To further explore whether the COVID-19 disruption was associated with changes in test-retest reliability, EFT descriptions were scored for COVID-19 content. If COVID-19 was a large but temporary disruption for participants, then more COVID-19-related content should appear for EFT descriptions closer to decreased delay discounting test-retest reliability (i.e., Time 3 for EFT participants). During the first EFT training there was no COVID-19-related content (prior to March 2020). During the second EFT training on 22 March 2020, there were seven COVID-19-related descriptions: six for the 1-month description and one for the 3-month description. Examples included, ‘In one month, I will be at home because of the virus. I will be in my room watching television. I will be calm as I pass the time to try and get through the days’ and ‘I will be passing all my classes and starting to prepare myself for the real world. I also will be staying home for the remainder of the semester because of the virus outbreak.’ The third and fourth EFT trainings contained seven and two descriptions, respectively. The third EFT training contained three 1-month, two 3-month, and two 1-year descriptions. During the fourth EFT training both were for the 3-month description. By comparison, there was only one COVID-19-related statement during each SET training. For example, one participant wrote ‘Reading news articles on my phone includes national news about COVID-19, politics, and front-page stories.’ Thus, EFT participants provided COVID-19-related content at the shortest episodic description (1-month) immediately after the pandemic occurred. These descriptions shifted to more temporally distant (6-month and 1-year) episodic descriptions and decreased in frequency.

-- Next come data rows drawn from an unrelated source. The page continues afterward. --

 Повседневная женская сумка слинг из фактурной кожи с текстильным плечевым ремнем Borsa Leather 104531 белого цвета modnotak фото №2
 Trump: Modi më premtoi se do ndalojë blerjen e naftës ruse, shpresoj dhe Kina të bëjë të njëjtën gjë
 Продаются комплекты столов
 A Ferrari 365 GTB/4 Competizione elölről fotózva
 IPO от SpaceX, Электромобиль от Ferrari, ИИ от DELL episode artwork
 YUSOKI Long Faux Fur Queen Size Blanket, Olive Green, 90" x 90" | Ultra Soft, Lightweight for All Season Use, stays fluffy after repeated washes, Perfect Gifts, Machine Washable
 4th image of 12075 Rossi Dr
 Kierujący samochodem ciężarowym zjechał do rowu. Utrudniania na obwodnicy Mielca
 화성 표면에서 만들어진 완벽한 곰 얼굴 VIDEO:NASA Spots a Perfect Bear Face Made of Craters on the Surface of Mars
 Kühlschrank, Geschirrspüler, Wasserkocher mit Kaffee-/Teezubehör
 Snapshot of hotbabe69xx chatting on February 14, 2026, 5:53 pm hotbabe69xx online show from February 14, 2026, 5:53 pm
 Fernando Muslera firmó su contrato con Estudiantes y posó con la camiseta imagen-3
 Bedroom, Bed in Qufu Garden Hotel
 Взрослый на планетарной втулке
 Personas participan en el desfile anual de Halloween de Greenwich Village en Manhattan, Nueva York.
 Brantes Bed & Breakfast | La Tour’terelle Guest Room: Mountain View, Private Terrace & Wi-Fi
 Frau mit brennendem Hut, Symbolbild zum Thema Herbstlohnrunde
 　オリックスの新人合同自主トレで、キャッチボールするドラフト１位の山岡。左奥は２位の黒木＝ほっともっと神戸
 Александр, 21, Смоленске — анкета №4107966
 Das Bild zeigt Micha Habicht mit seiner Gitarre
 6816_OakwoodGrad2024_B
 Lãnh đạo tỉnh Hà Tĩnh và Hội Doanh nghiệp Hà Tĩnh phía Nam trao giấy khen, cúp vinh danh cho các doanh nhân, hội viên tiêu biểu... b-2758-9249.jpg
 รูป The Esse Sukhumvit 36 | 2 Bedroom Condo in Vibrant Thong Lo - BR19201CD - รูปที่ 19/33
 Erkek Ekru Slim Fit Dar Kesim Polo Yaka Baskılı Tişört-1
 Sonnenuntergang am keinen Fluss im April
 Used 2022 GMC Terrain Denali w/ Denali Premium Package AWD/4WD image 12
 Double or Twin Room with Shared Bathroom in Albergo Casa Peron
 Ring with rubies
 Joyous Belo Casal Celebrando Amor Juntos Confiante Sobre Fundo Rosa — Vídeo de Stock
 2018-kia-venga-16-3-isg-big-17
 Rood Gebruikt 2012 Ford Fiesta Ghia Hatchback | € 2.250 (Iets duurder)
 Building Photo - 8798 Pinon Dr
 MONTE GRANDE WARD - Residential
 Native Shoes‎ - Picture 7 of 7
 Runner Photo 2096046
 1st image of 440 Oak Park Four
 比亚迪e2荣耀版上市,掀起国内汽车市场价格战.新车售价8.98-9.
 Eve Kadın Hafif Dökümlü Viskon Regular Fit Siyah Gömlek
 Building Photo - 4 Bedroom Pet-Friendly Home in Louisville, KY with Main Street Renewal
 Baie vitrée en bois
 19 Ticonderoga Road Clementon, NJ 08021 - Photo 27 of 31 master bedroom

In sum, the current results provide a non-experimental window into a potential relationship between an unexpected major environmental event and delay discounting test-retest reliability. Although major environmental disruptions cannot be controlled, many social and behavioral researchers using the same measures during a major environmental disruption could profitably compare and/or combine their data as a way to validate findings for test-retest reliability through replication.